A Mother's Campaign for Early Detection
The 34-year-old star confirmed on Sunday via Instagram that her eight-month-old twin girls, Ocean Jade and Story, have been diagnosed with Spinal Muscular Atrophy Type 1 (SMA1). This rare disease causes progressive muscle weakness and loss of movement. In a subsequent emotional appearance on ITV's This Morning, Nelson highlighted a critical failing: the UK does not test for SMA1 at birth, despite the screening being available in 45 other nations, including the United States.
The most shocking revelation was the cost. The simple test can be carried out for as little as 36 pence. Had it been part of standard UK newborn screening, early intervention could have dramatically altered her daughters' prognosis. Doctors at Great Ormond Street Hospital have advised Nelson that her girls are now unlikely ever to walk or regain full neck strength.
'36p to Change a Life': A Nation Reacts
Nelson's campaign has triggered an outpouring of support from other affected families across the country, many expressing anger and devastation at the missed opportunity. The singer reshared one poignant response from follower Katie Hughes, mother to a young boy with SMA.
'36p to change the course of a child's life, it's nothing really, is it?' Hughes wrote. 'I felt sick because 36p could have massively changed our little boy's life.

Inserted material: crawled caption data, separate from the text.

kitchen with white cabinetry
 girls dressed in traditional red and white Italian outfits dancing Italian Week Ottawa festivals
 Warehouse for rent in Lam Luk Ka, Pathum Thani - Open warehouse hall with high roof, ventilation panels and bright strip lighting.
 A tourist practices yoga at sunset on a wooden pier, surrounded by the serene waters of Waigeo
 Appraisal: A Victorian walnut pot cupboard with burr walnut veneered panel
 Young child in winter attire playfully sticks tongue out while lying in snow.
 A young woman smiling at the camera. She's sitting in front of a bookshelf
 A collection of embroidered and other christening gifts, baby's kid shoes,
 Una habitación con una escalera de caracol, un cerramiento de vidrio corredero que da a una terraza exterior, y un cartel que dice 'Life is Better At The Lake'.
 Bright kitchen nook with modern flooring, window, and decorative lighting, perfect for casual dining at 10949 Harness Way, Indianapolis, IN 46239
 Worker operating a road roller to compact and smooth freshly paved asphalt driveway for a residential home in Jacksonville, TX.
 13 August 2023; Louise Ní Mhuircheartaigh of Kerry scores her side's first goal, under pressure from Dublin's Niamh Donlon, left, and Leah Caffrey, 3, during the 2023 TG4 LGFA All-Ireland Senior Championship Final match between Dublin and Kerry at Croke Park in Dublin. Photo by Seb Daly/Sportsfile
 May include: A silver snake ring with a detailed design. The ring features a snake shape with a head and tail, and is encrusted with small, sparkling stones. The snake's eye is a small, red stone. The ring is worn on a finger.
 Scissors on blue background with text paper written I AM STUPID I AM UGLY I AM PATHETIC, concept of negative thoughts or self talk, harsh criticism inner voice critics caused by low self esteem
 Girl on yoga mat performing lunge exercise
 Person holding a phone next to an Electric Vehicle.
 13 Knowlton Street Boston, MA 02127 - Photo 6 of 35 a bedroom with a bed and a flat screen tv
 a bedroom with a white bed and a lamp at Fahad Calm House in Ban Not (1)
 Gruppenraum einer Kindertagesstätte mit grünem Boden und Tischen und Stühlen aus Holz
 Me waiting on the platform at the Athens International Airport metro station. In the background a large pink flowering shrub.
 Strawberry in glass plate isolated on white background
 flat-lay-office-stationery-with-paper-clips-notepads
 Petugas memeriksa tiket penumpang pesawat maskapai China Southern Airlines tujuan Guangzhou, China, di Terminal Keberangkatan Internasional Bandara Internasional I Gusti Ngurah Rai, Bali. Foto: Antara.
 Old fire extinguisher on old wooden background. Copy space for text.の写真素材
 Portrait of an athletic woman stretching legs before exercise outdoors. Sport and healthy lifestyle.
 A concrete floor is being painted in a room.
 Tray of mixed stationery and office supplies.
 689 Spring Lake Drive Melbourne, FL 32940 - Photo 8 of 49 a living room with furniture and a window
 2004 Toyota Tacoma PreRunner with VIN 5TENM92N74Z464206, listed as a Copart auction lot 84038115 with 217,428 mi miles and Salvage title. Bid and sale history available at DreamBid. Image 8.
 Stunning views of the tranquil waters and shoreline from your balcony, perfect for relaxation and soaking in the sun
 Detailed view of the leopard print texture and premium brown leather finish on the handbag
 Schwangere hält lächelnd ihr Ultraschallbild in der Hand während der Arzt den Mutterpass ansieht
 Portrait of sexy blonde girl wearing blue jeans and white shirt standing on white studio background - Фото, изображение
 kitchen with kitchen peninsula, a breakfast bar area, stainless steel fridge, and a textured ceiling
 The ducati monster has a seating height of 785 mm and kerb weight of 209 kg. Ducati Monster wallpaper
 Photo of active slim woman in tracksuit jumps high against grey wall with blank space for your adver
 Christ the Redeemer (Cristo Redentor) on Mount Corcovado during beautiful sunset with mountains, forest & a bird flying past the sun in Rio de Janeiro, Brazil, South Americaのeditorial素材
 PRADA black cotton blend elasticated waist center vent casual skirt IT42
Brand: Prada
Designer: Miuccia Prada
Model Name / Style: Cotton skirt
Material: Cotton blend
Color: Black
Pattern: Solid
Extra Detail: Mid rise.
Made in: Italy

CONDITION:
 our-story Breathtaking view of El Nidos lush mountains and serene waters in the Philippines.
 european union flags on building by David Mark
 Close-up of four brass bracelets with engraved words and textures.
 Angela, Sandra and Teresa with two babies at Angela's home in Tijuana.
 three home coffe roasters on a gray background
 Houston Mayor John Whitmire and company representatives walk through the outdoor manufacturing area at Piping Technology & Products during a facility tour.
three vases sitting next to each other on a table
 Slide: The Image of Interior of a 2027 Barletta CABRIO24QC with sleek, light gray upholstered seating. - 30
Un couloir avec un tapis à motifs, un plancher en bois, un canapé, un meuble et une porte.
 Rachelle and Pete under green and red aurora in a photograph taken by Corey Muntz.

It angers me that we're talking such a little amount.'
Nelson described the 'most gruelling three or four months' leading to the diagnosis. She recalled noticing early signs, such as the twins' 'frog leg' position and unusual belly breathing, but was reassured by health visitors and GPs that their prematurity might cause developmental delays.
'I potentially could have saved their legs,' she stated. 'All I can do is try my best and make change.'
Government Pledges to Review Policy
The issue has now reached the highest levels of government. Health Secretary Wes Streeting admitted Nelson was 'right to challenge and criticise how long it takes to get a diagnosis.' He told ITV News his heart went out to the singer and praised her for speaking out.
'She’s challenged us to go further on screening, and she is right to do so,' Streeting said, adding he was 'determined to look not just at screening for SMA, but to make much better use of genomic medicine.'
Currently, the UK National Screening Committee does not recommend SMA screening, though it has commissioned new work to reassess this in light of treatment advances. Scotland has announced it will begin screening babies from this spring, putting further pressure on health authorities in England, Wales, and Northern Ireland to follow suit.
Jesy Nelson's personal tragedy has transformed into a powerful public campaign, forcing a national conversation about a preventable, life-altering condition and the stark cost of inaction.